WHAT YOU ARE ASKED TO DO: Exactly the lines from the start of the data below through the line that contains "Android application Logsafe" are to be copied, with pictures left out.

PROVIDED RECORDS:
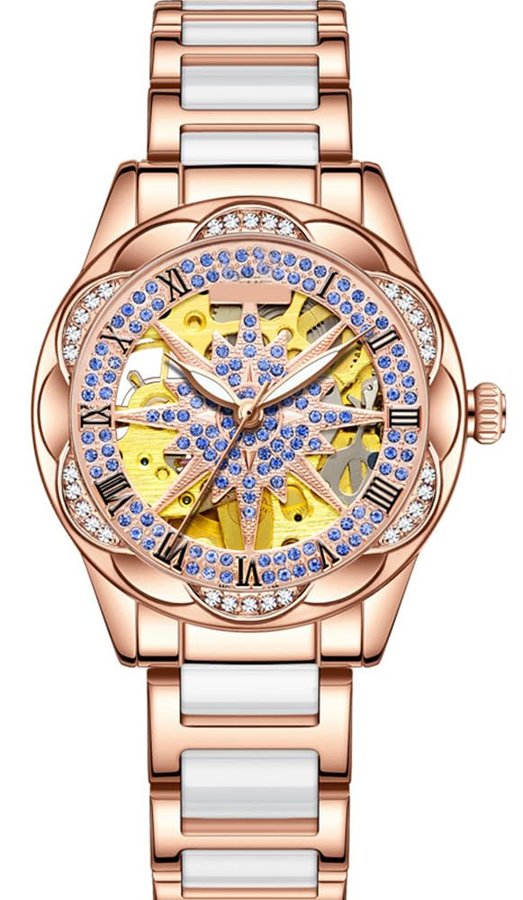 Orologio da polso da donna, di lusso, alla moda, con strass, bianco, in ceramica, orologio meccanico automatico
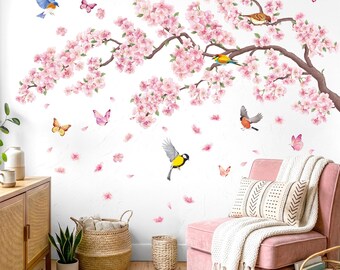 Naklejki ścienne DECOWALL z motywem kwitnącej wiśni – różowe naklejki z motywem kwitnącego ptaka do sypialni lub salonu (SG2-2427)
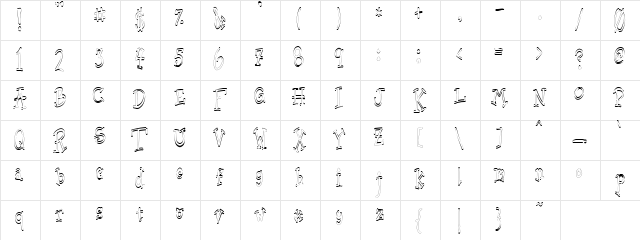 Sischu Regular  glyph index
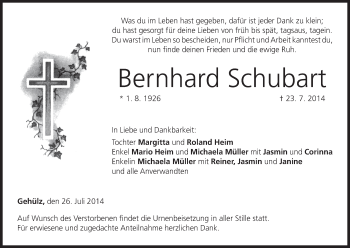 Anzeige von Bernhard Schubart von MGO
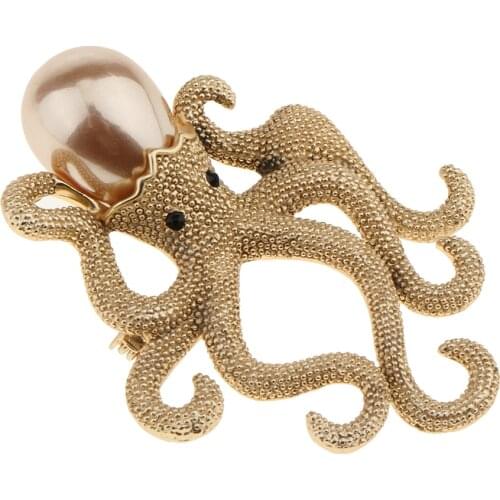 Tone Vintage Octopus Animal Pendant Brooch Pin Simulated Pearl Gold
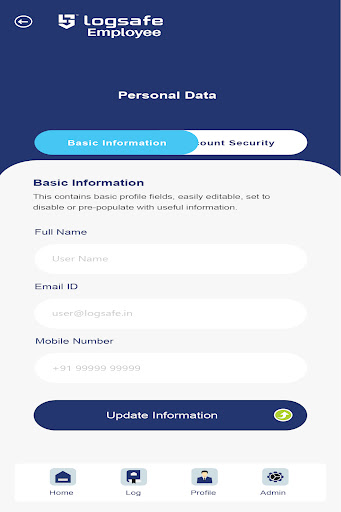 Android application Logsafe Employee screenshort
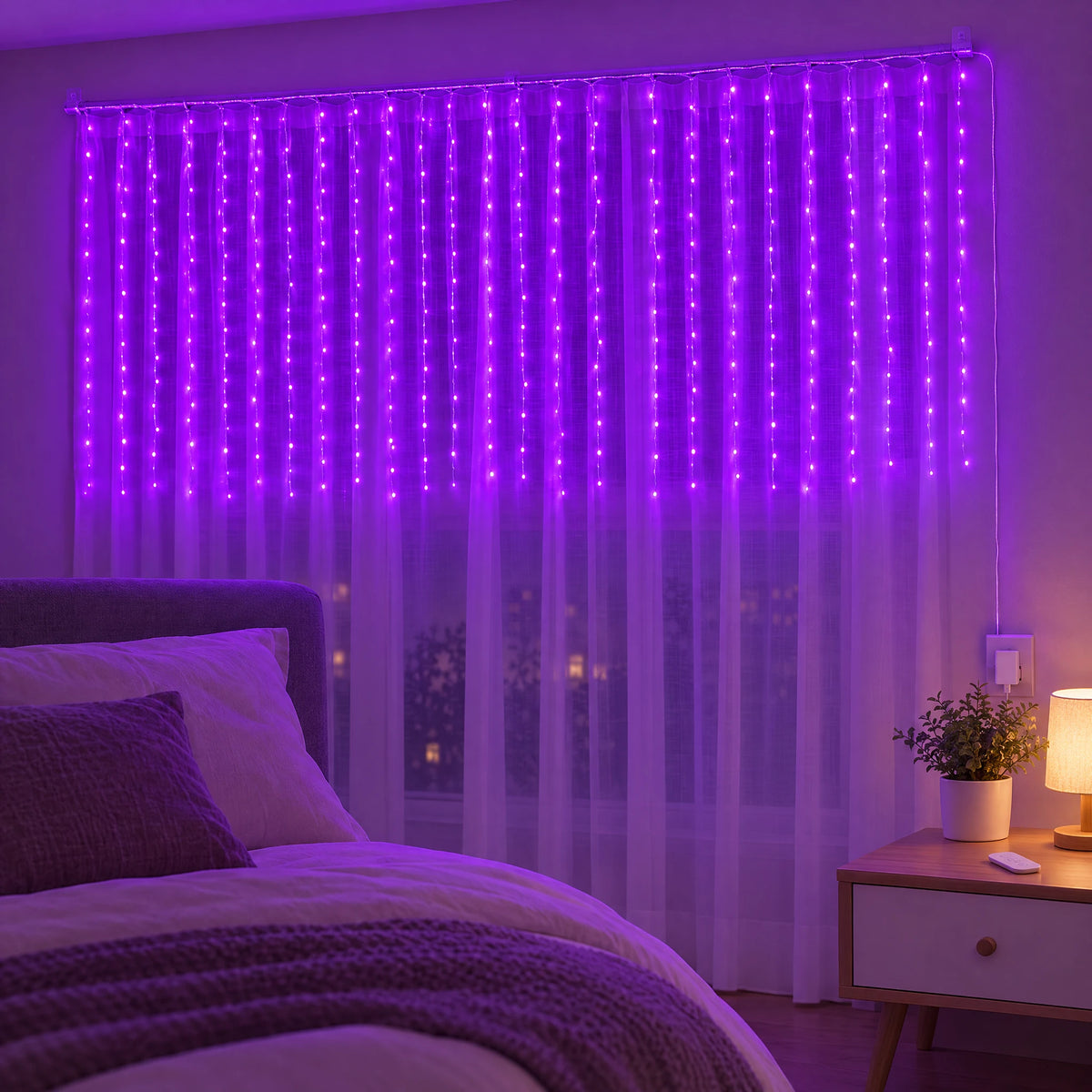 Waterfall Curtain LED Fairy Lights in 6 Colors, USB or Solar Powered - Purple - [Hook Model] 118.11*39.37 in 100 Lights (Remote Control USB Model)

TASK ANSWER:
 Orologio da polso da donna, di lusso, alla moda, con strass, bianco, in ceramica, orologio meccanico automatico
 Naklejki ścienne DECOWALL z motywem kwitnącej wiśni – różowe naklejki z motywem kwitnącego ptaka do sypialni lub salonu (SG2-2427)
 Sischu Regular  glyph index
 Anzeige von Bernhard Schubart von MGO
 Tone Vintage Octopus Animal Pendant Brooch Pin Simulated Pearl Gold
 Android application Logsafe Employee screenshort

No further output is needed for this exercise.